Keep your lead character center stage to the very end. Everything he learns through all the complications you plunged him into should, in the end, allow him to rise to the occasion and succeed.
If you get near the end and something’s missing, don’t rush it. Give your ending a few days, even a few weeks if necessary.
Read through everything you’ve written. Take a long walk. Think about it. Sleep on it. Jot notes. Let your subconscious work. Play what-if games. Reach for the heart, and deliver a satisfying ending that resonates.
Give your readers a payoff for their investment by making it unforgettable.
Creative Writing Examples
- Short Story
- Narrative nonfiction
- Song lyrics
Creative Writing Tips
In How to Write a Novel, I cover each step of the writing process:
- Come up with a great story idea.
- Determine whether you’re an Outliner or a Pantser.
- Create an unforgettable main character.
- Expand your idea into a plot.
- Do your research.
- Choose your Voice and Point of View.
- Start in medias res (in the midst of things).
- Intensify your main character’s problems.
- Make the predicament appear hopeless.
- Bring it all to a climax.
- Leave readers wholly satisfied.
More to Think About
1. Carry a writing pad, electronic or otherwise. I like the famous Moleskine™ notebook.
Ideas can come at any moment.

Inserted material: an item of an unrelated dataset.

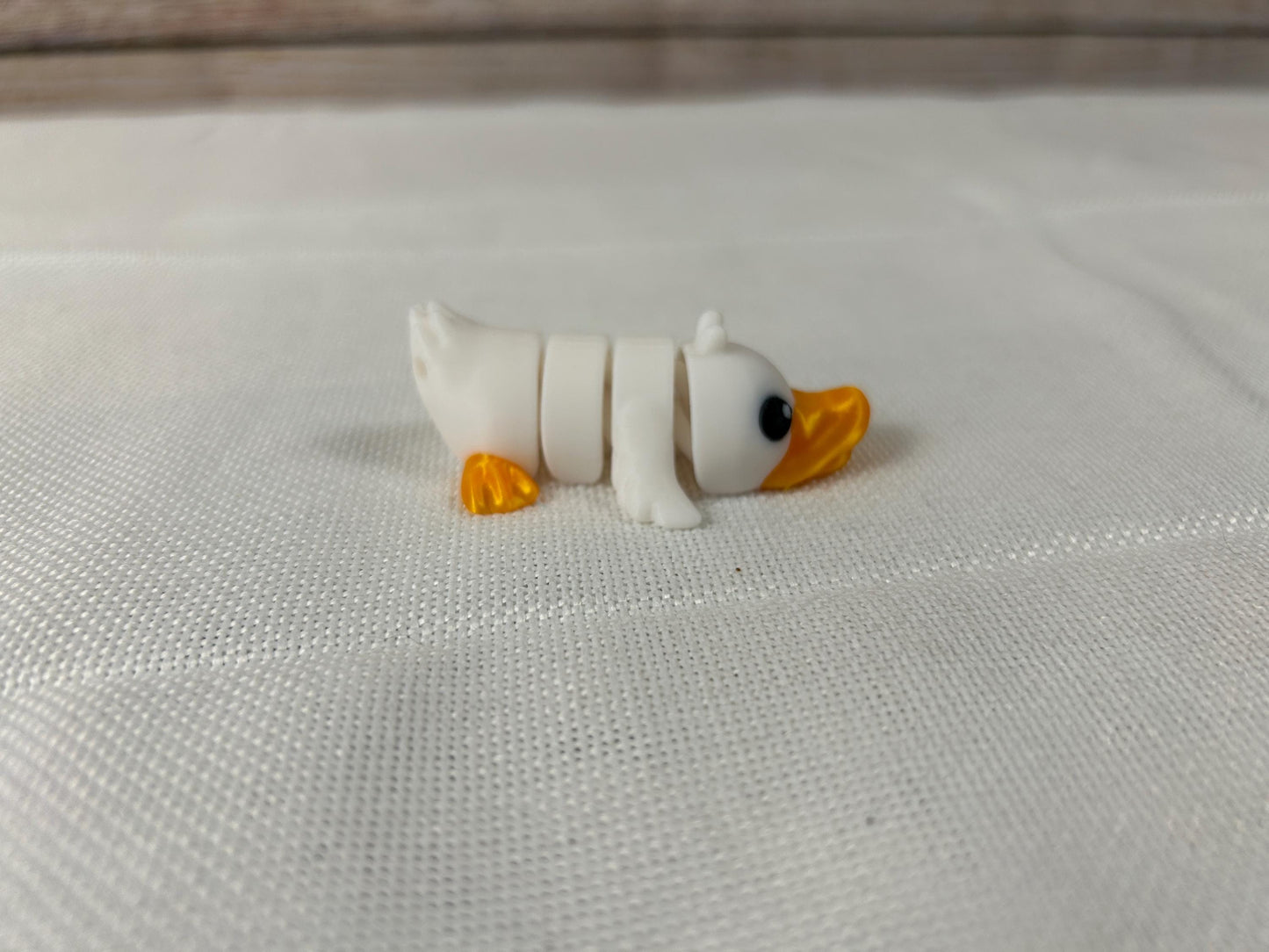 Ente beweglich, weiß - orange, aus PLA, Deko-Ente, dekorative Schreibtischfigur, modernes Wohnaccessoire, Geschenkidee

Record ideas for:
- Anything that might expand your story
2. Start small.
Take time to build your craft and hone your skills on smaller projects before you try to write a book.
Journal. Write a newsletter. Start a blog. Write short stories. Submit articles to magazines, newspapers, or e-zines.
Take a night school or online course in journalism or creative writing. Attend a writers conference.
3. Throw perfection to the wind.
Separate your writing from your editing.
Anytime you’re writing a first draft, take off your perfectionist cap. You can return to editor mode to your heart’s content while revising, but for now, just write the story.
Separate these tasks and watch your daily production soar.
Time to Get to Work
Few pleasures in life compare to getting lost in a great story.
Learn how to write creatively, and the characters you birth have the potential to live in hearts for years.